A copy of the judgment posted on the Crown’s website said the appeal came out of a request by the US Attorney for the Western District of Washington and the US Secret Service made pursuant to the Mutual Legal Assistance Act.
The request was “precipitated” by the transfer of more than $2m from SunTrust Bank in Atlanta, Georgia to the Royal Bank of Canada Caribbean accounts of all four respondents.
“It was alleged that the funds were fraudulently acquired from a company called Boeing via sham corporations, identity theft, a fraudulent passport and a forged email,” the court documents said.
“Having followed the paper trail, the authorities determined that the funds were being held in two accounts at RBC.
“The competent authority, that is, the Attorney General as envisaged under the MLAA, applied for and obtained a restraint order from the Supreme Court dated June 21, 2017, thereby preventing the respondents from accessing the funds.”
Justice Isaacs noted a court was entitled to amend judgments or orders by relying on the “slip rule”.
Still, he said, it would not be right for a court to seek to “re-craft” a judgment once it had already been pronounced in open court and “the import of that portion of the judgment is not so vague as to require clarification.”
“The judge’s words were pellucidly clear: ‘I ordered no damages as redress may have been available under other laws’,” Justice Isaacs stated.
“Having pronounced that she would order no damages, it was not open to the judge to entertain further arguments on the constitutional issues and to grant redress she had previously declined to give.
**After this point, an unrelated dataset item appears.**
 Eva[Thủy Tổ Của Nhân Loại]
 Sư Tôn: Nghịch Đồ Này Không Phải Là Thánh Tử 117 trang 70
This was a situation where the judge deliberately expressed her intention; and there was no question of there being an error.
“In as much as I have found that the judge erred when she re-entered into a consideration of the award of damages for the alleged constitutional breaches, I quash the judge’s awards for damage suffered by the respondents. As a result of my decision in relation to the relief granted by the judge it is unnecessary for me to consider whether the judge was correct to find that the constitutional breaches stemmed from the MLAT application and not to have arisen from the domestic criminal proceedings.”